Efetivamente, enquanto o antigo artigo 6.º, n.º 3, limitava a proibição de exigir pagamento apenas ao Prestador Detentor/Doador, o novo Regulamento alarga expressamente esta proibição. O novo artigo 5.º, n.º 9, determina que:
“As empresas não podem cobrar aos utilizadores finais titulares do contrato associado ao número encargos diretos relativos à portabilidade do número.”
Destaca-se ainda que, no caso de portabilidade de números afetos a serviços pré-pagos, o PD é obrigado a reembolsar ao utilizador qualquer crédito remanescente respeitante ao número portado, podendo cobrar um encargo máximo de 1 euro por operação, com reembolso a ser feito em até 10 dias úteis – cfr. artigos 6.º, n.º 2, e 24.º do novo Regulamento. Neste cenário, e apenas caso esteja previsto no contrato, admite-se que o reembolso tenha encargos para o utilizador, cujo valor deverá ser “proporcionado e baseado nos custos efetivamente suportados pela empresa que realiza o reembolso” – cfr. artigo 24.º, n.ºs 1 e n.º 2 do Regulamento da Portabilidade e artigo 140.º, n.ºs 9 e 10 da Lei das Comunicações Eletrónicas.
Destaca-se aqui outras alterações significativas:
1. A obrigação de o novo operador garantir que a portabilidade e ativação do número ocorre na data acordada com o utilizador, ou até um dia útil após essa data (exceto quando for necessária instalação, caso em que será até um dia útil após instalação, ou dois dias úteis caso a instalação ocorra após as 17h) – cfr. Art. 11.º, n.os 7 e 8.
2. O utilizador final mantém o direito de portar o seu número (ainda que inativado) para outra empresa durante 3 meses após a cessação do contrato com o PD, salvo renúncia expressa no momento da desativação – o chamado “Tempo de Quarentena” (cfr. artigos 2.º, n.º 2, alínea ff), 3.º, n.º 2, alínea c), a contrario, e 19.º, n.º 1.
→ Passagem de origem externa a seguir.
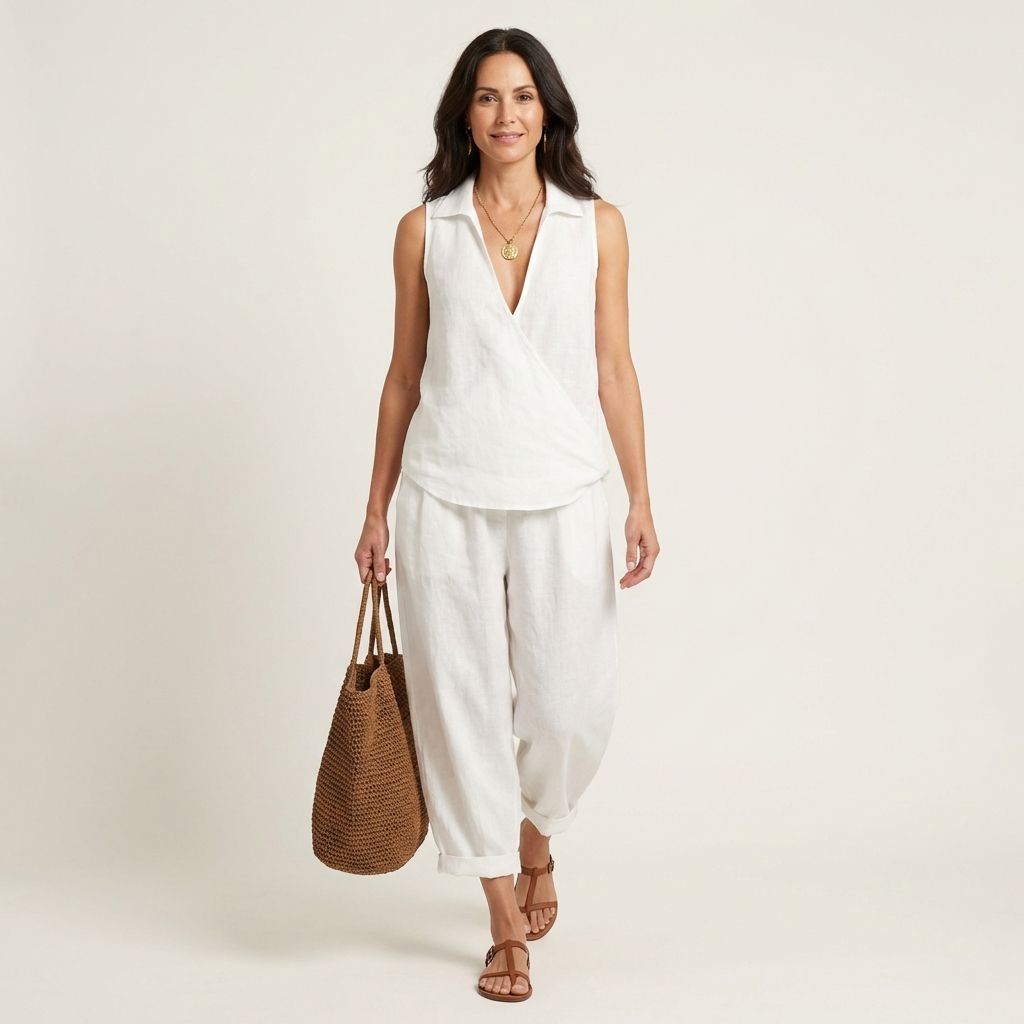 Sleeveless Collared Wrap Top and Wide Leg Pants Two Piece Set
3. Mantém-se e aprofunda-se o regime de compensações por atraso ou falha na portabilidade e introduzem-se compensações adicionais em caso de incumprimento:
a) 10,00€ (dez euros) por incumprimento de intervenções físicas agendadas que obriguem à remarcação – Cfr. art. 29.º, n.º 3;
b) 3,00€ (três euros) por cada dia completo de atraso na portabilidade – cfr. art. 29.º, n. º 2, al. a);
c) 23,00€ (vinte e três euros) por cada dia de interrupção do serviço, até ao máximo de 5.750,00€ (cinco mil setecentos e cinquenta euros) por pedido de portabilidade – cfr. art. 29.º, n.º 2, al. b);
d) 23,00€ (vinte e três euros) por cada dia em que um número se mantenha indevidamente portado, em caso de portabilidade indevida, até ao máximo de 5.750,00€ (cinco mil setecentos e cinquenta euros) por pedido de portabilidade – cfr. art. 29.º, n.º 1, al. d).
[1] Preâmbulo do Regulamento n.º 58/2005, de 18 de agosto
[2] Este último, objeto de alteração pelo Regulamento n.º 85/2019, publicado a 21 de janeiro, que procedeu à alteração do artigo 6.º, n.º 1, alínea b), referente à entrada em vigor das disposições previstas no artigo 2.º, do n.º 8 do artigo 7.º e dos artigos 8.º, 9.º, 12.º, 12.º-A, 13.º, 14.º, 17.º, 18.º e 23.º-A, cuja previsão passou a determinar “que entram em vigor no dia 11 de maio de 2019”, ao invés de 9 meses após a sua publicação.
[3] O horário da «Janela de Portabilidade» refere-se ao período de três horas consecutivas, durante o qual ocorre a portabilidade ou alteração de NRN (Network Routing Number) – Os NRN “são números usados como prefixos que, antepostos aos números portados, permitem identificar e reencaminhar as chamadas para a rede do prestador para onde os números foram portados.”